To achieve this we will be using a popular computer vision library opencv-python. In this program with the help of the OpenCV library, we will detect faces in a live stream from a webcam or a video file and subsequently also determine the angle by how much the face is tilted.

Requirements:

Algorithm:

  • First, we detect the face in the webcam feed/video using the above-mentioned haarcascade classifier for the face and make a green color bounding box around it.
  • Next, we detect the eyes using a similar haarcascade classifier trained on eyes and make a red color bounding box around each eye.
  • In addition to making a box around each eye, we also identify and store the center of each box. Here, we are assuming that the center of the bounding box is the same as the center of the eye.
  • For computing the angle of tilt we will assume that the line joining the centers of two eyes is perpendicular to the face.
  • We have the coordinates of two centers in terms of (x,y) coordinates. The x-axis is the horizontal axis and y-axis is the vertical axis.
  • When two points are given (x_{1}, y_{1})       & (x_{2},y_{2})      , the angle \theta       which the line joining the two points makes with the x-axis can be obtained from geometry using the following expression:

\theta = \arctan(\frac{x_2 - x_1}{y_2 - y_1})

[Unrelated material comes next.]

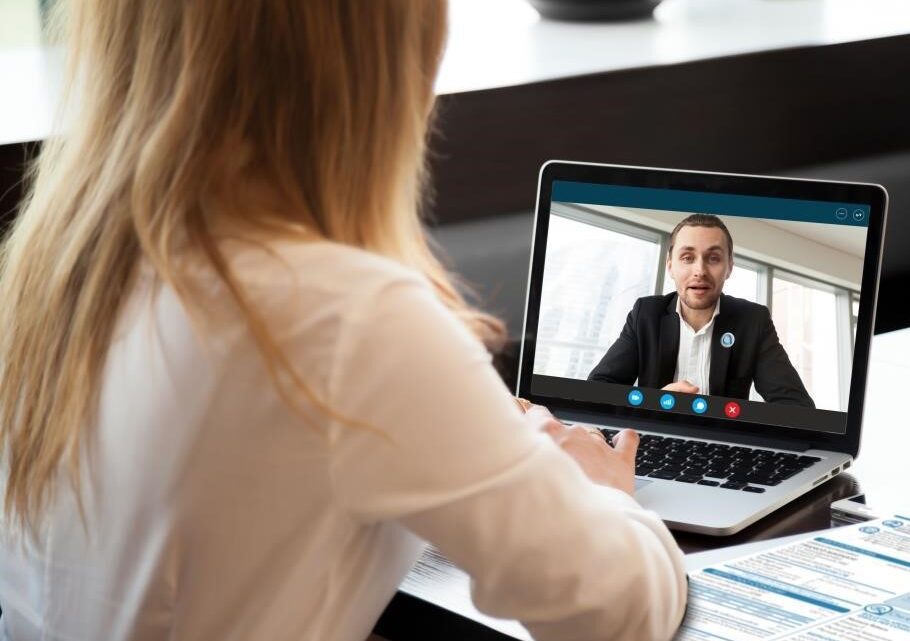 LO SPORTELLO A CASA TUA: NASCE IL NUOVO SERVIZIO DIGITALE I CLIENTI AVRANNO LA POSSIBILITÀ DI EFFETTUARE COMODAMENTE TUTTE LE OPERAZIONI RICHIESTE TRAMITE VIDEOCHIAMATA CON UN OPERATORE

  • In our case, the angle made by the line joining the centers of two eyes with the horizontal is computed. The positive angle indicates the right tilt and the negative angle indicates the left tilt.
  • Provided a margin of error of 10 degrees (i.e, if the face tilts more than 10 degrees on either side the program will classify as right or left tilt).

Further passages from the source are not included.